#### [EXERCISE GOAL]
Please transcribe, word for word, only the lines from the one containing "Abdominoplasty Before & After Patient #3409" through the last line of the records below, both included, and leave out every picture.

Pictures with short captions
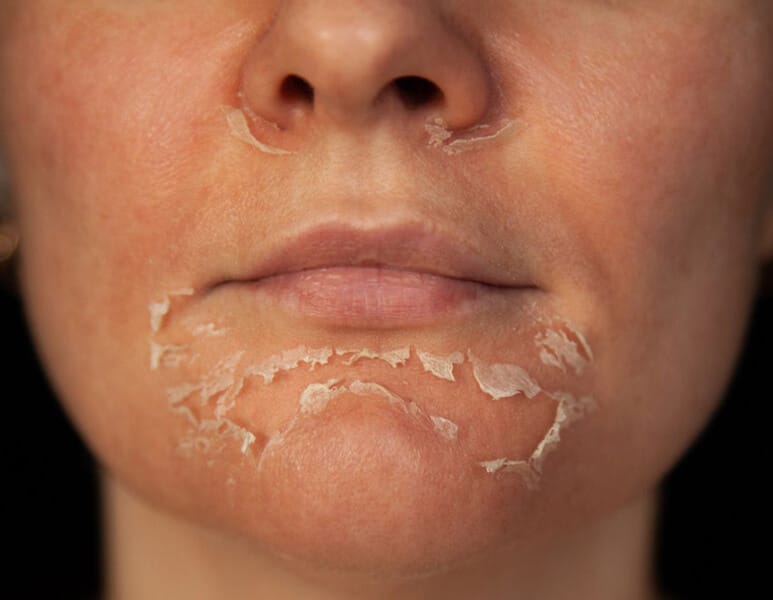 jessner chemical peel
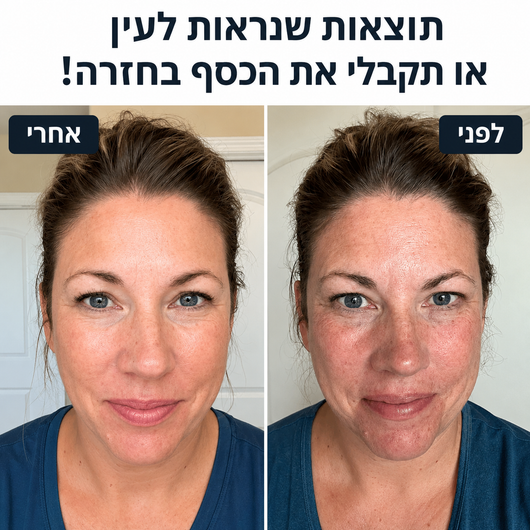 מערכת המיקרונידלינג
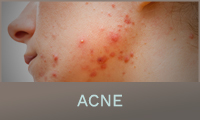 Acne Acne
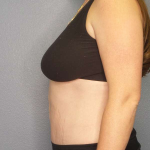 Abdominoplasty Before & After Patient #3409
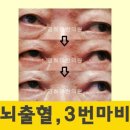 경희미한의원 네이버블로그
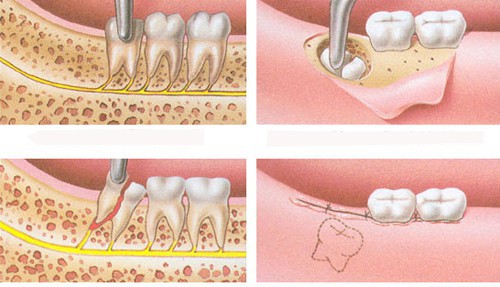 Cách nhổ răng khôn hiệu quả không gây viêm nhiễm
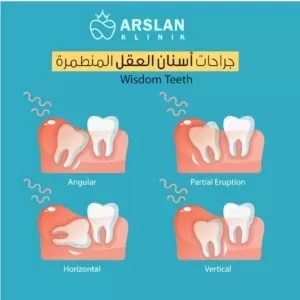 wisdom-tooth-pain-arslan-dental-klinik-yusuf-arslan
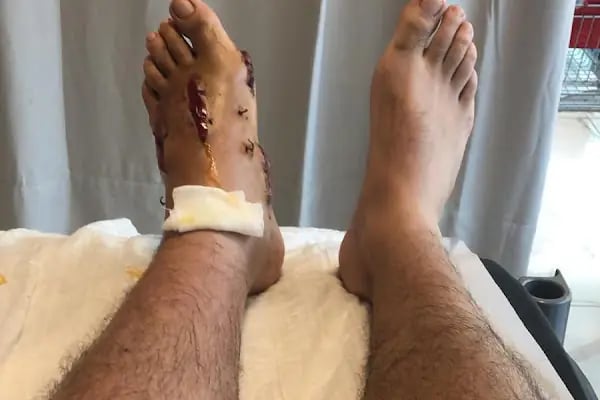 Op. Dr. Atakan Ezici | Ortopedi Operatör Doktor | Ortopedik Cerrah - Resim 9
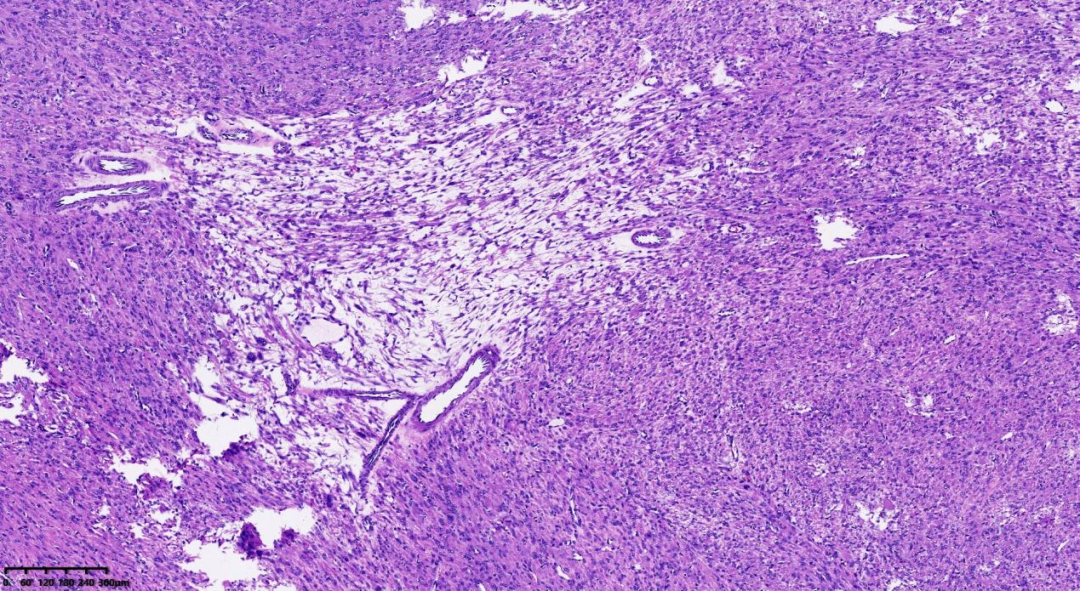 fh染色是什么意思病例分享 ｜ 延胡索酸水合酶（FH）缺陷型子宫平滑肌瘤_https://www.jmylbn.com_新闻资讯_第3张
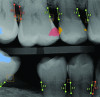 Fig 3. Dental AI software may be utilized to detect bone loss.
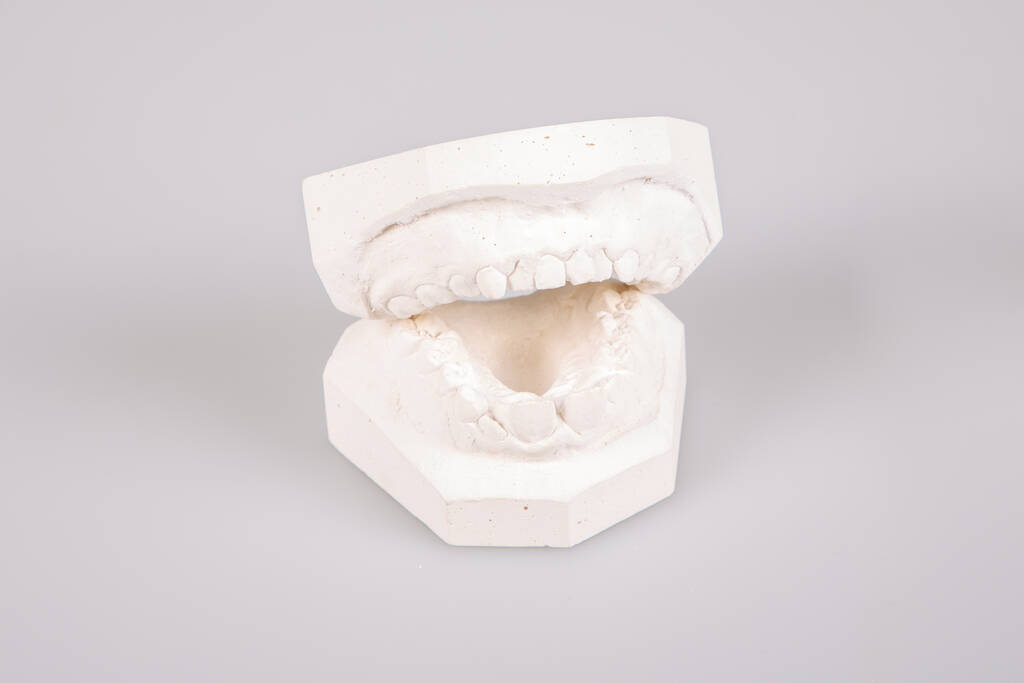 Dental Implant Solutions for Modern Smiles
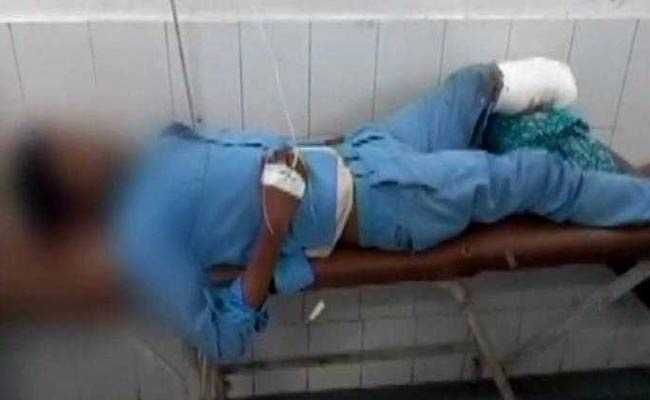 Shocking incident UP Doctors Use Man's Severed Foot As Headrest After His Surgery | संतापजनक! तुटलेला पायच डोक्याखाली उशीसारखा वापरला, डॉक्टरांच्या असंवेदनशिलतेने सारेच हादरले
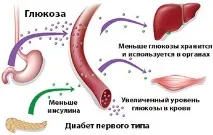 Народні рецепти від цукрового діабету 1 типу діабету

#### [OUTPUT OF THE EXERCISE]
 Abdominoplasty Before & After Patient #3409
 경희미한의원 네이버블로그
 Cách nhổ răng khôn hiệu quả không gây viêm nhiễm
 wisdom-tooth-pain-arslan-dental-klinik-yusuf-arslan
 Op. Dr. Atakan Ezici | Ortopedi Operatör Doktor | Ortopedik Cerrah - Resim 9
 fh染色是什么意思病例分享 ｜ 延胡索酸水合酶（FH）缺陷型子宫平滑肌瘤_https://www.jmylbn.com_新闻资讯_第3张
 Fig 3. Dental AI software may be utilized to detect bone loss.
 Dental Implant Solutions for Modern Smiles
 Shocking incident UP Doctors Use Man's Severed Foot As Headrest After His Surgery | संतापजनक! तुटलेला पायच डोक्याखाली उशीसारखा वापरला, डॉक्टरांच्या असंवेदनशिलतेने सारेच हादरले
 Народні рецепти від цукрового діабету 1 типу діабету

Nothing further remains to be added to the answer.